Sometimes it isn't easy to make the transition. Hands that are usually used for operating a keyboard aren't always ready to man a sledgehammer, posthole diggers, hammers and rough poles. I find myself picking out splinters most evenings and covered with more cuts and blisters than I care to think about.
The human body is a miraculous design, a thing that can adapt to many different uses in a reasonably short period of time. Being in the sun all day is another thing to which I've not been accustomed. I have had a few minor sunburns on my arms and neck, not to mention the day that I took off my shirt for an hour or so and ended up looking like fresh lobster later that afternoon.
Luckily, my body also responds well to the sun—especially when mixed with a healthy evening dosage of aloe. By the following day, most of the tint was gone and the skin had turned from pink to bronze.
I told my friend that I'm not sure I would survive if I had to do this kind of work every day.

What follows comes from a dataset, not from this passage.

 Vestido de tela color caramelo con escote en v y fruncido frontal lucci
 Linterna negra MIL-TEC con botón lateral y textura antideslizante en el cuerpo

Of course, at the time I was nursing a sore back, sunburn, blistered hands and aforementioned cuts and splinters. After a good night's sleep, it always seems like everything looks a little better.
So far, the only part of the job that has been a real annoyance for me is when I had to trim the poles with the chainsaw and ended up covered with creosote sawdust.
I can honestly say that the result wasn't pleasurable. I don't like the oily smell or the itchy feel of the stuff, which seems to turn into almost a powder when it sprays all over you. There really wasn't much choice that I could see as I stood atop the ladder with posts that needed to reach conformity.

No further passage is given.